Exercise:
Return the line containing "Vintage 70s brown" and every line beneath it through the end of the entries below, unchanged. Pictures stay out.

Materials provided:
=-=-=-=-=
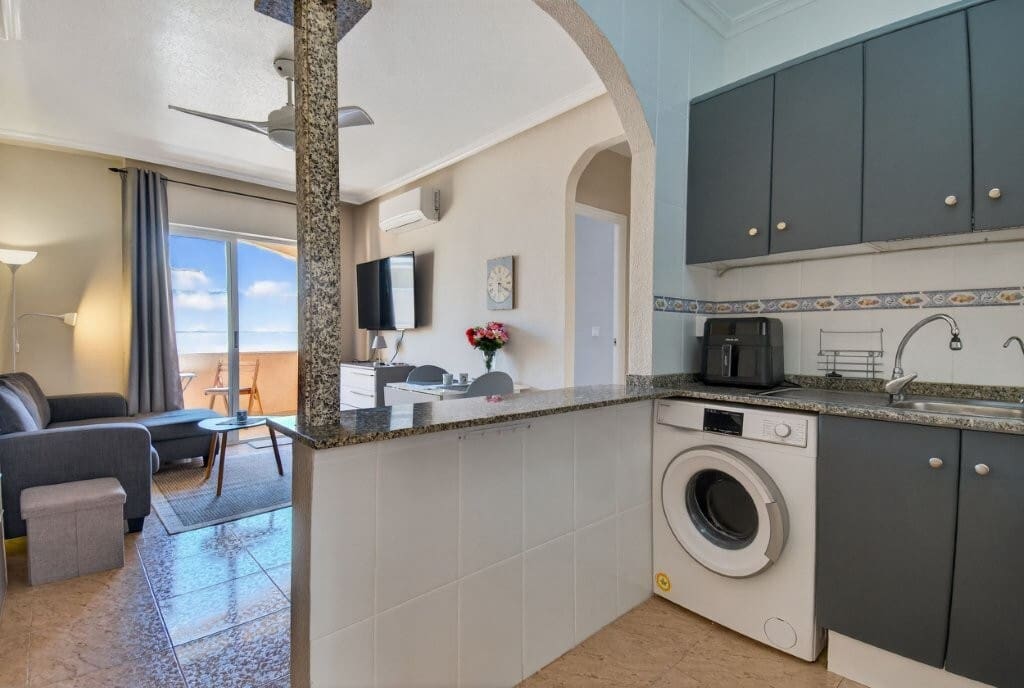 2 quarto Apartamento para venda em Torrevieja com piscina - 149 000 € (Ref: 9764822)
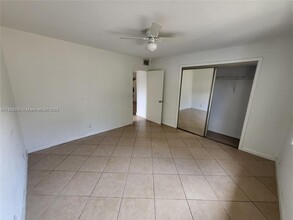 10920 Royal Palm Blvd in Coral Springs, FL - Building Photo - Building Photo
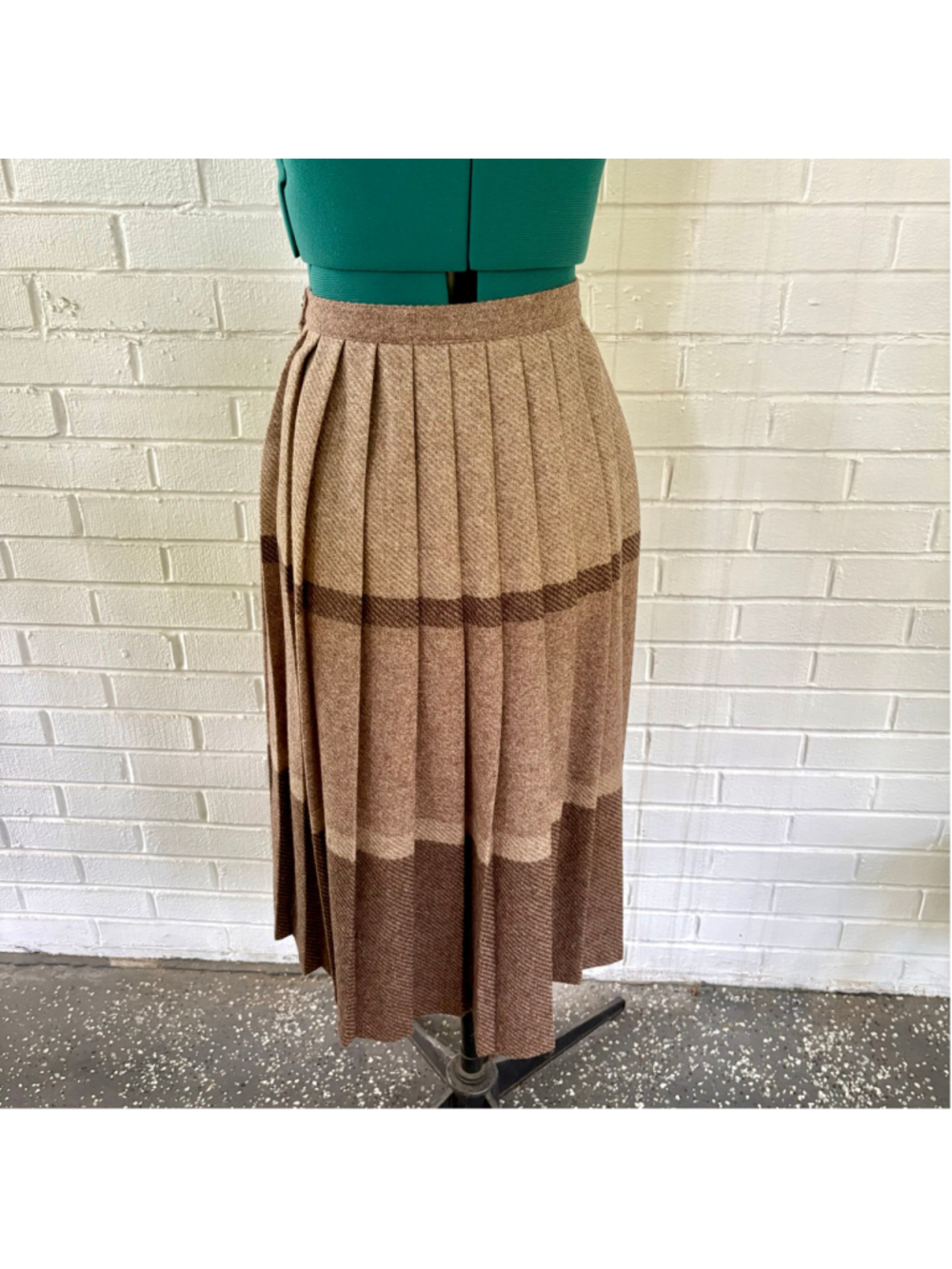 Vintage 70s brown pleated wool midi skirt - Picture 2 of 5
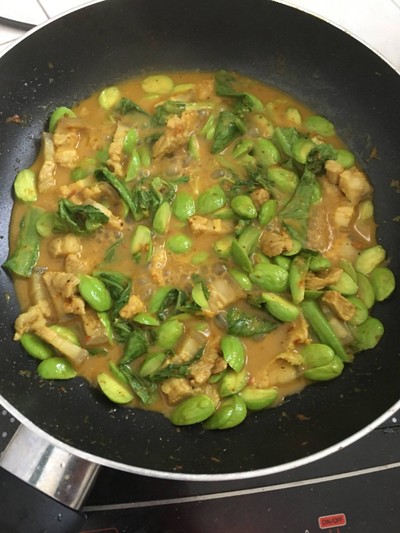 วิธีทำ ผัดเผ็ดหมูสะตอคะน้า วิธีทำ ผัดเผ็ดหมูสะตอคะน้า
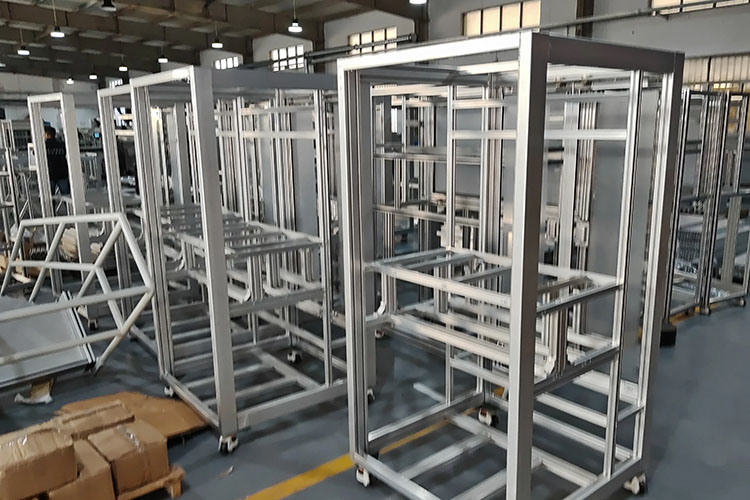 Aluminum Extrusion Die Design and Lifespan Aluminum Extrusion Die Design and Lifespan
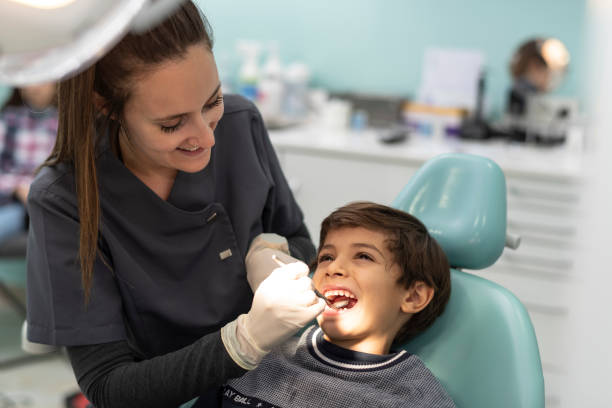 Best Emergency Tooth Extraction in Bushnell, FL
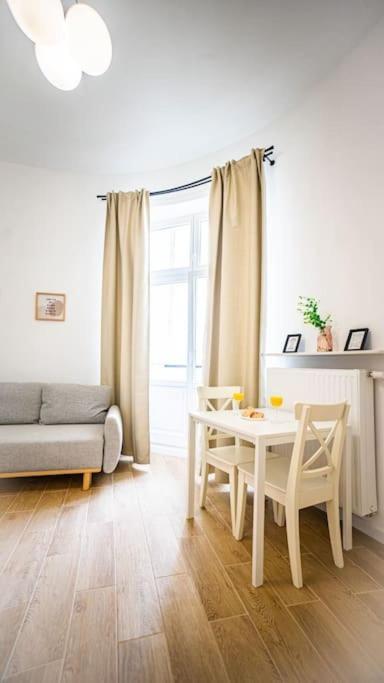 Lovely Apartment In วอร์ซอ ภายนอก รูปภาพ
=-=-=-=-=
Task result:
 Vintage 70s brown pleated wool midi skirt - Picture 2 of 5
 วิธีทำ ผัดเผ็ดหมูสะตอคะน้า วิธีทำ ผัดเผ็ดหมูสะตอคะน้า
 Aluminum Extrusion Die Design and Lifespan Aluminum Extrusion Die Design and Lifespan
 Best Emergency Tooth Extraction in Bushnell, FL
 Lovely Apartment In วอร์ซอ ภายนอก รูปภาพ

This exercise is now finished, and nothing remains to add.